In the past, the financial cost of fraud to banks in terms of losses and transaction monitoring was significant but manageable. In KPMG’s most recent survey into global banking fraud, the majority of respondents recovered less than 25 percent of their losses to fraud. Clearly a cost, but not excessive. Of greater magnitude is the amount banks spend on operational teams to monitor transactions and then investigate and mitigate fraud attacks. However, beyond these financial costs, fraud can be catastrophic to a bank’s reputation: who wants to bank with an institution known to have been vulnerable?
Ballooning costs demand efficient responses
With fraud rising, regulators and banks can no longer see it as an intrinsic cost because the risks are too high. In response, regulators are trying to get the sector to do more to protect their customers, their reputations and their businesses. In Singapore, for example, MAS, the central bank, has started to recommend that banks implement fraud-transaction monitoring. In the UK, regulators have introduced a new voluntary banking code of conduct that ultimately means more customers will be reimbursed for fraudulent payments. Last year also saw the introduction of “confirmation of payee” regulations that force a bank to tell a customer if the name of the person they think they are paying doesn’t match that of the beneficiary account. More jurisdictions around the world are likely to follow.
While increased fraud prevention and mitigation will certainly protect customers and banks, it also means operational costs will balloon unless monitoring can be made more efficient and effective. We believe that 2021 will be the year when banks do just that – and finally beat the fraudsters.

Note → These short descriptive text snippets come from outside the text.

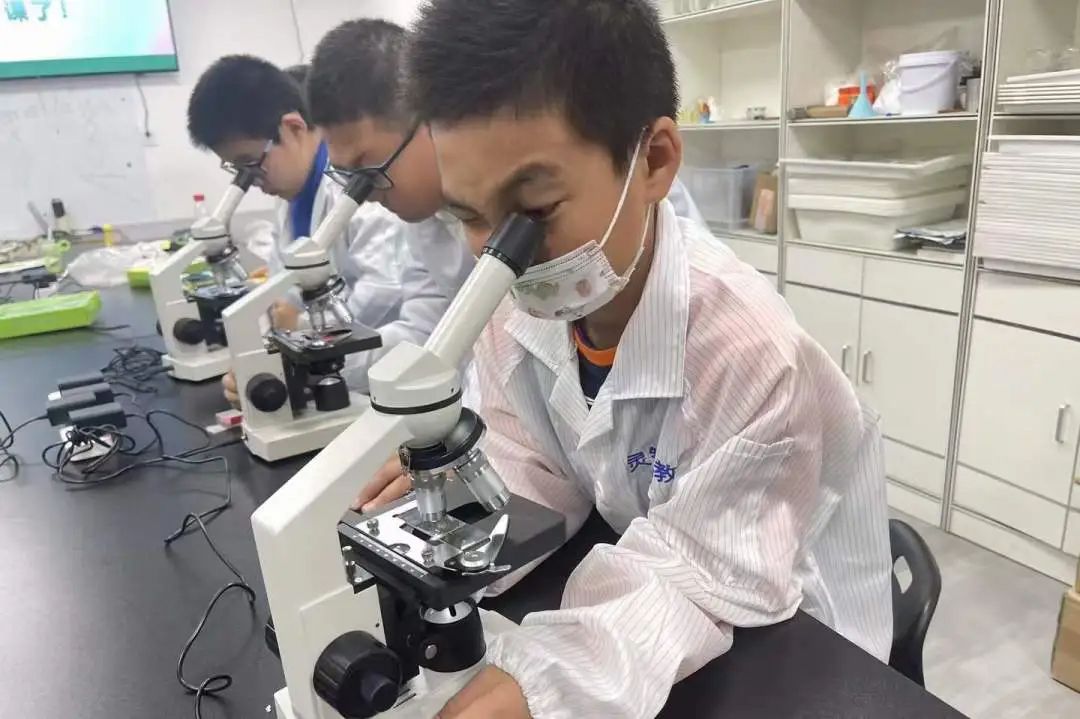 学员风采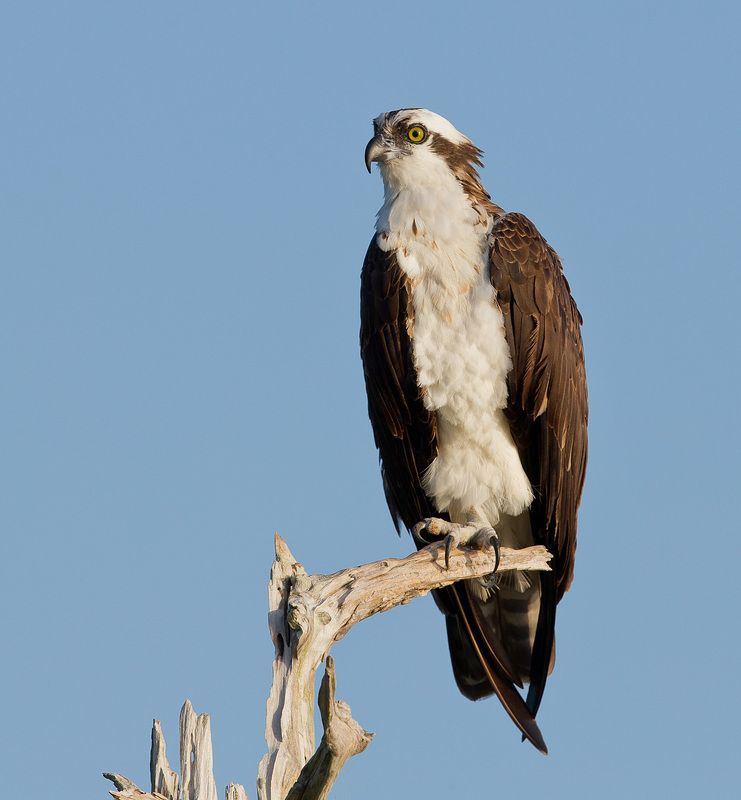 скопа, osprey, florida, флорида, хищные птицы Скопа - Ospreyphoto preview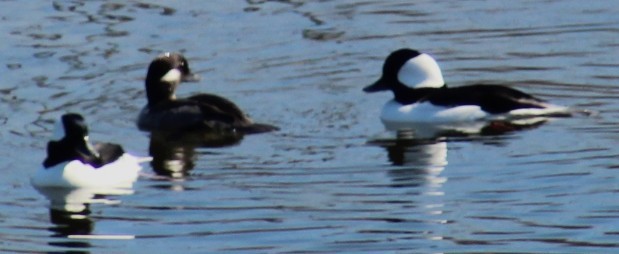 Bufflehead - ML644770232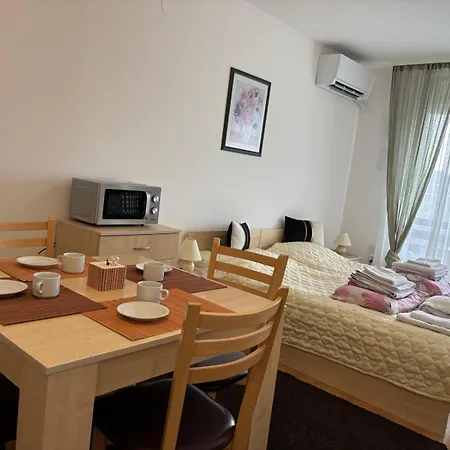 фамилно студио Alex&marry аспен Apartment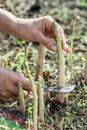 Process of harvesting of white asparagus in the garden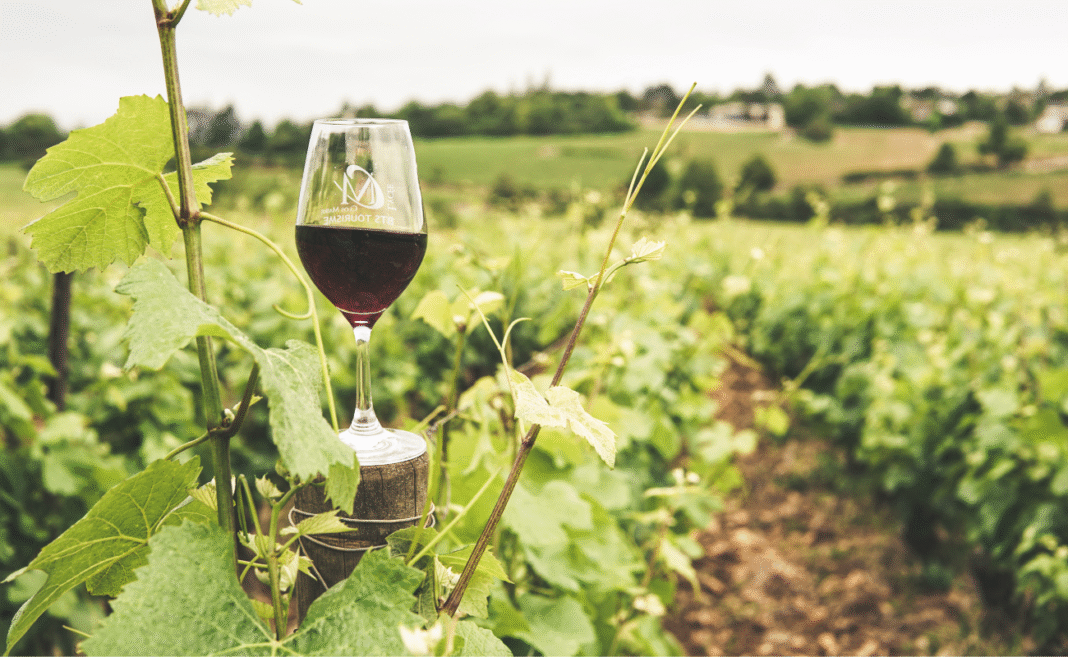 made green in italy copertina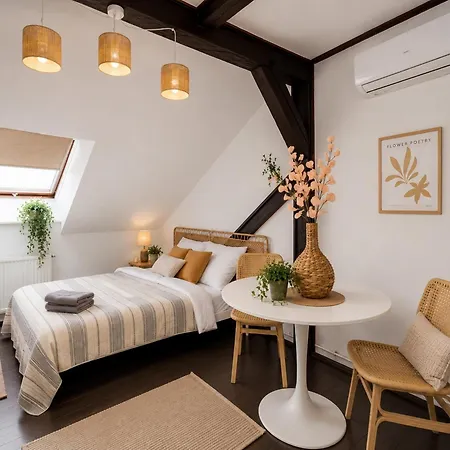 Appartement Wislna Old Town Cracovie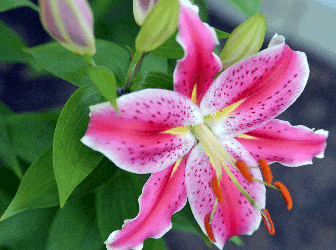 stargazer lilly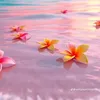 hala.mohamad290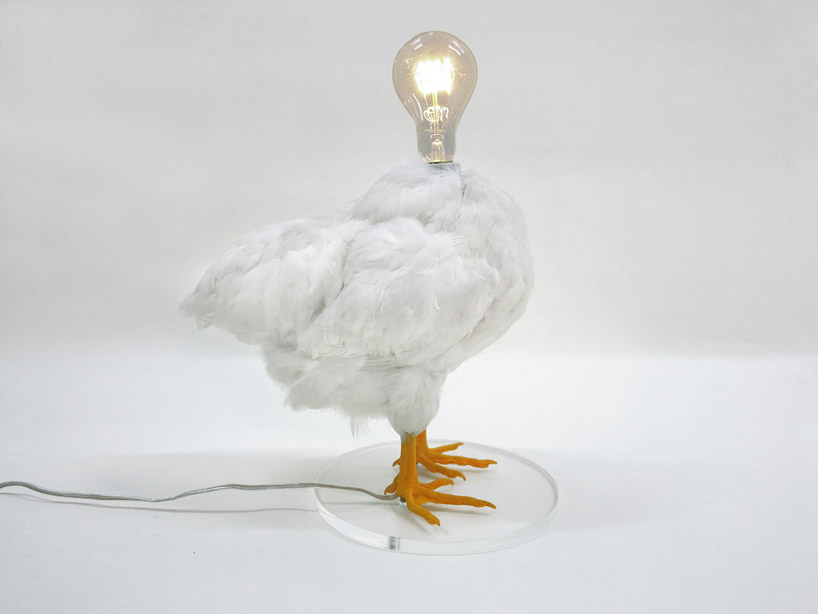 sebastian errazuriz turns taxidermy bird into chicken lamp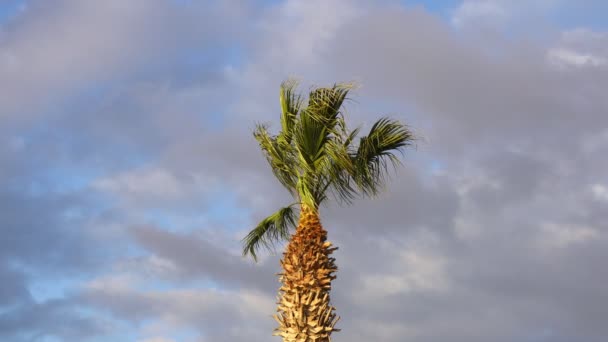 Rüzgarda Savrulan Palmiye Yaprakları Mavi Gökyüzü — Stok video
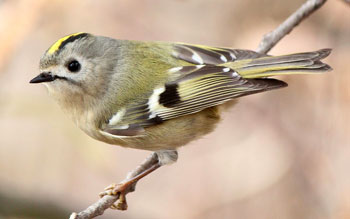 Het goudhaantje is de kleinste vogel van Nederland. Leeft vooral in gemengde naald-/loofbossen, maar zeker niet op het Noordeinde..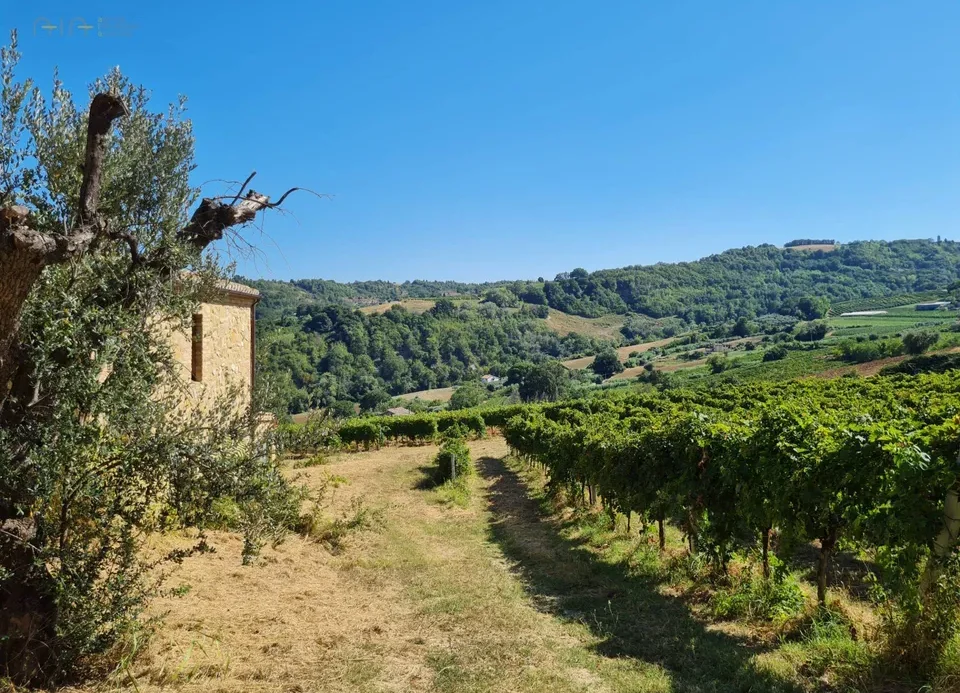 Beautiful farmhouse in Ripatransone, Ascoli Piceno of sale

The benefit of real cost analysis
The only way banks can monitor the increasing number of transactions is to invest in automation and intelligent solutions. Over the coming months, more will turn to proven, scalable, real-time systems that raise alerts and block transactions before they are complete. These systems will help keep costs down, improve the banks’ detection rates and give customers what they want – friction-free banking.
Banks already using smart, artificial intelligence-based fraud-prevention software are seeing extraordinary savings in terms of operational costs. One bank using NetGuardians software has seen a 77 percent fall – and it has spotted and stopped more fraud than before. We will see even better results as more banks use smart AI and share genuine payment behavior.
Collective artificial intelligence
We know that sharing information between banks about fraud allows for better fraud protection. NetGuardians’ collective AI facilitates this by recording and sharing genuine payment behavior from customers across multiple banks rather than focusing on and trying to spot known fraudulent IBAN numbers and IP addresses, for example. Integrated into powerful transaction monitoring tools, the software raises alerts about suspicious activity in real time, enabling highly effective fraud prevention – between 20 and 30 percent more effective according to a study by NetGuardians. In addition, by checking a transaction that has been flagged as suspicious with customers, under the new regulations the banks will be able to pass on the liability should a fraud subsequently be proven to have taken place, further reducing risk to themselves.
But for this approach to be watertight, it will not be enough for banks to have efficient fraud alert systems. They will need to use explainable AI so they can share with customers and regulators their processes and decisions to demonstrate clear reason for concern.
As this year progresses, more banks will adopt this type of technology, drawn to its comprehensive fraud-prevention capabilities, its affordability and scalable protection. That is why we believe 2021 will be the year when banks with the right technology beat the fraudsters.